Interrogé par Audrey Garric pour Le Monde, le climatologue Philippe Ciais va dans le même sens : « C’est un chiffre optimiste », notant que « cela va dépendre de la façon dont se fait la relance économique ». « Or, les dernières données provenant de Chine montrent que les émissions issues de l’industrie sont reparties à la hausse depuis la fin du confinement en mars, dépassant légèrement les niveaux de 2019 », s’inquiète le climatologue.
De fait, on n’a de certitude que sur l’absurdité de cette date, qui ne veut absolument rien dire. Ainsi donc, deux mois de confinement et l’arrêt de l’économie mondiale auraient seulement réduit notre em- preinte écologique d’à peine trois semaines ! Que faudrait-il, alors, pour ne pas laisser de « dette écologique » à nos enfants ?
En réalité, cette mesure n’a aucun fondement car la base même de son calcul pose de sérieux problèmes. Il est donc regrettable que les médias reprennent cet indicateur sans pratiquement jamais s’interroger sur sa pertinence.

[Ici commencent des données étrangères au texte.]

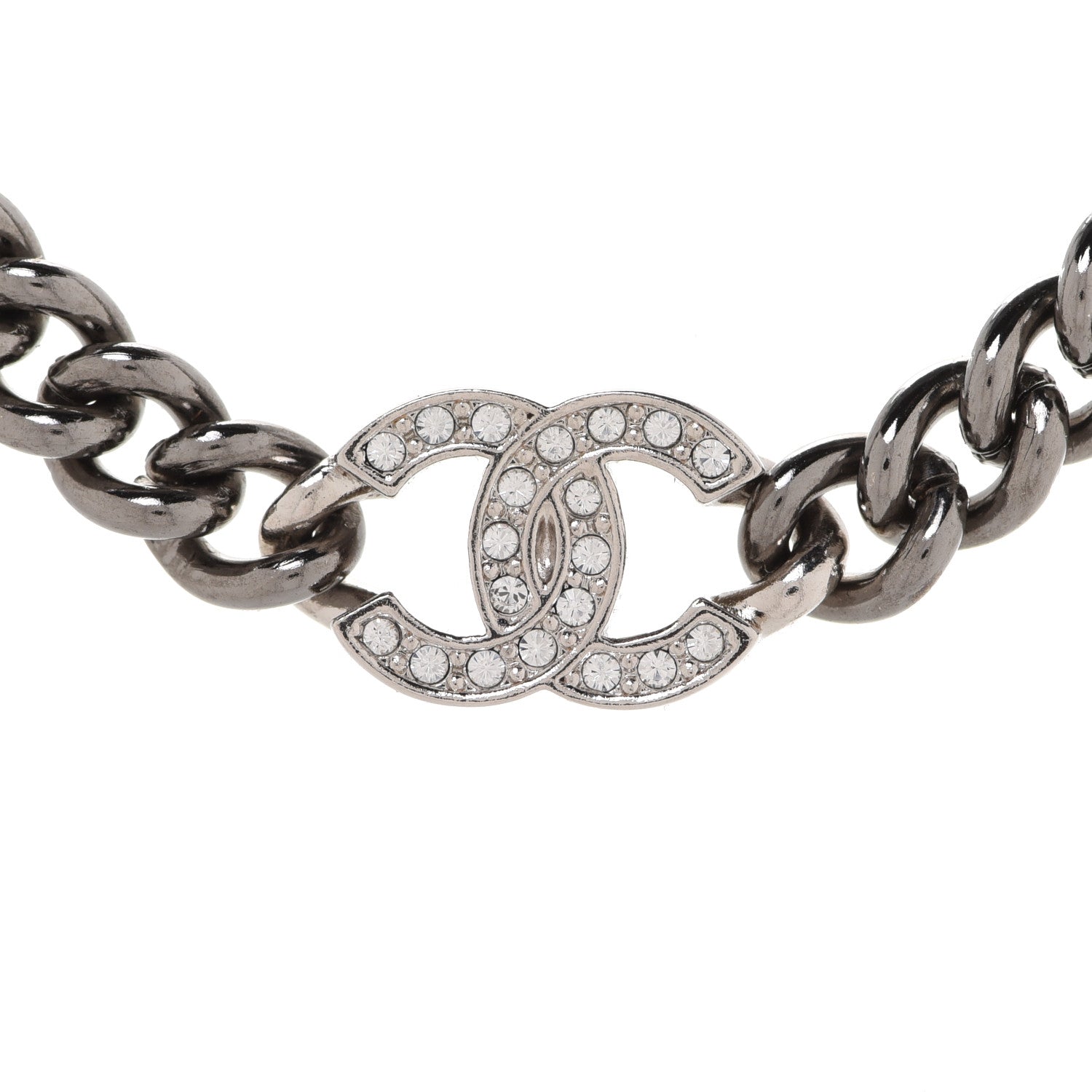 Chanel Ruthenium Crystal Chain CC Lucky Charms Choker Silver 4 of 6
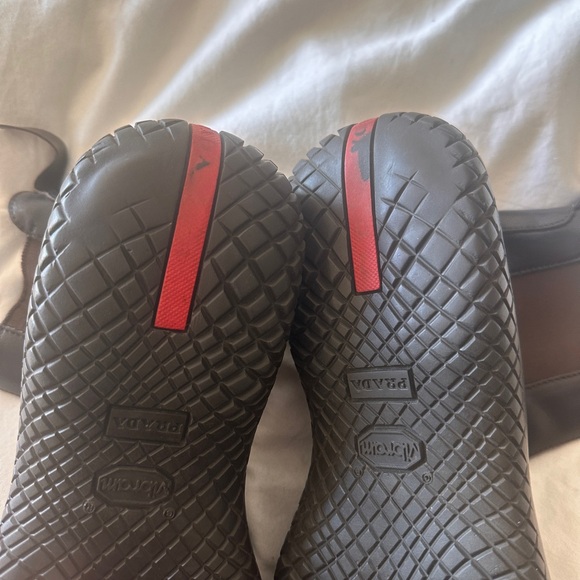 PRADA Y2K Linea Rossa combat boots 8.5 Brown - Picture 4 of 5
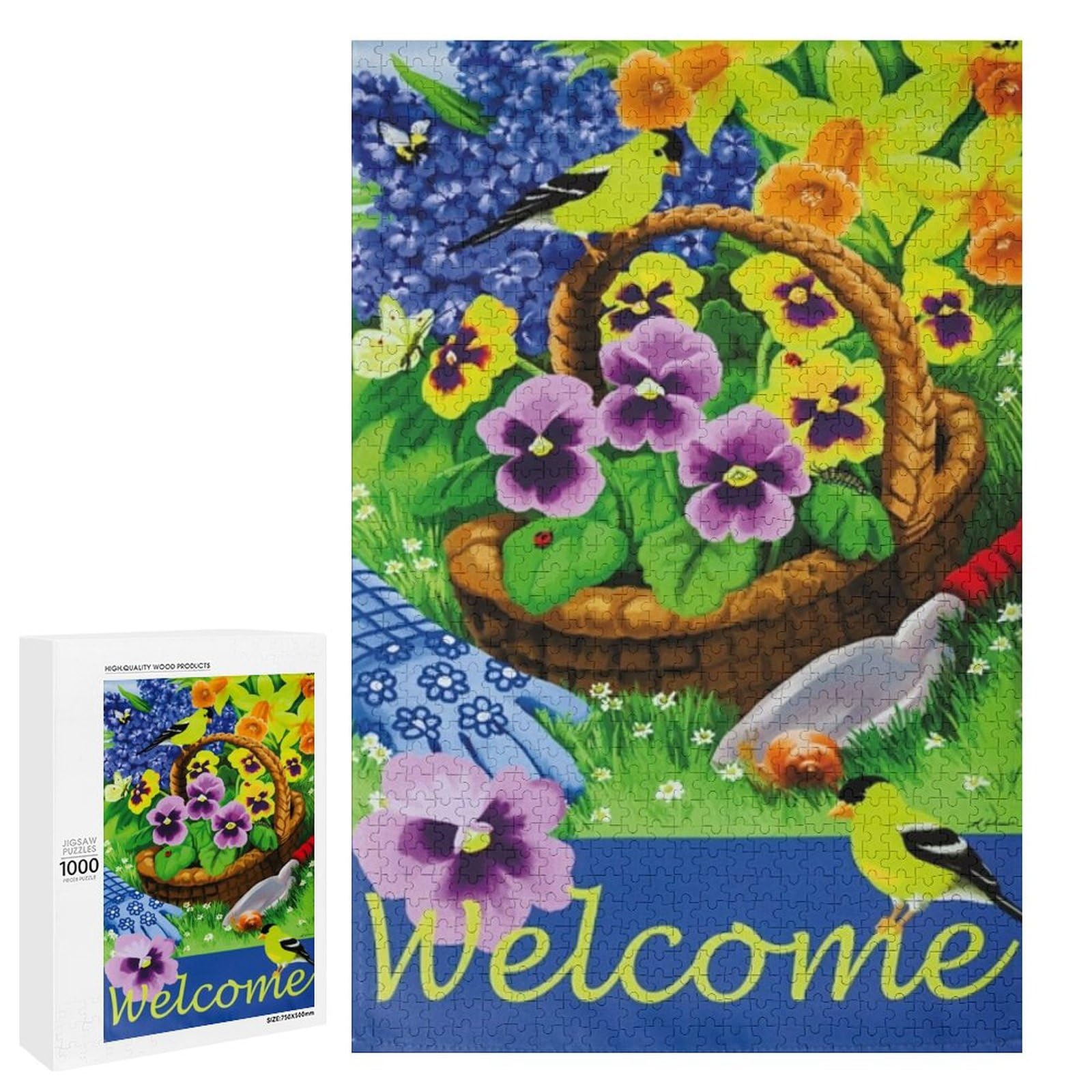 Jigsaw Puzzles for Adults Pansies for Planting 1000 Pieces Wooden Jigsaw Puzzle for Adults and Kids Educational Puzzle Decorations Gift, Style-16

Une convention mathématique
Le jour du dépassement repose sur le calcul de l’empreinte écologique qui, elle, mesure, d’un côté, les surfaces biologiquement productives dont il faut disposer pour produire certaines ressources renouvelables (alimentation, fibres textiles et autre biomasse), et de l’autre, les surfaces dont il faudrait disposer pour séquestrer dans la biosphère certains polluants, principalement les émissions de CO2.
Si cet outil constitue un indicateur relativement fiable pour la production de denrées alimentaires – celles, en tout cas, qui mobilisent des surfaces réelles –, en revanche, il n’est pas très adéquat en ce qui concerne les émissions de CO2, pourtant « le principal déchet pris en compte par cet indicateur », comme le souligne l’environnementaliste Aurélien Boutaud, co-auteur du livre L’Empreinte écologique (La Découverte, 2018). Ce sont en effet ces émissions de CO2 qui sont responsables du fait que notre empreinte écologique dépasse largement les superficies disponibles. « Ce facteur occuperait à lui seul 81% de la superficie de la planète et constitue la seule raison pour laquelle nous aurions soudainement besoin de plus d’une planète », note pour sa part l’écologiste danois Bjørn Lomborg.
Aurélien Boutaud souligne que les concepteurs de l’empreinte écologique ont établi une convention « mathématique » consistant à traduire les émissions de CO2 non absorbées par les océans en surfaces de reforestation nécessaires pour éliminer ce surplus. En résulte, pour reprendre les termes de l’auteur, une « empreinte fictive ou fantôme ». D’où les nombreuses critiques de cette approche.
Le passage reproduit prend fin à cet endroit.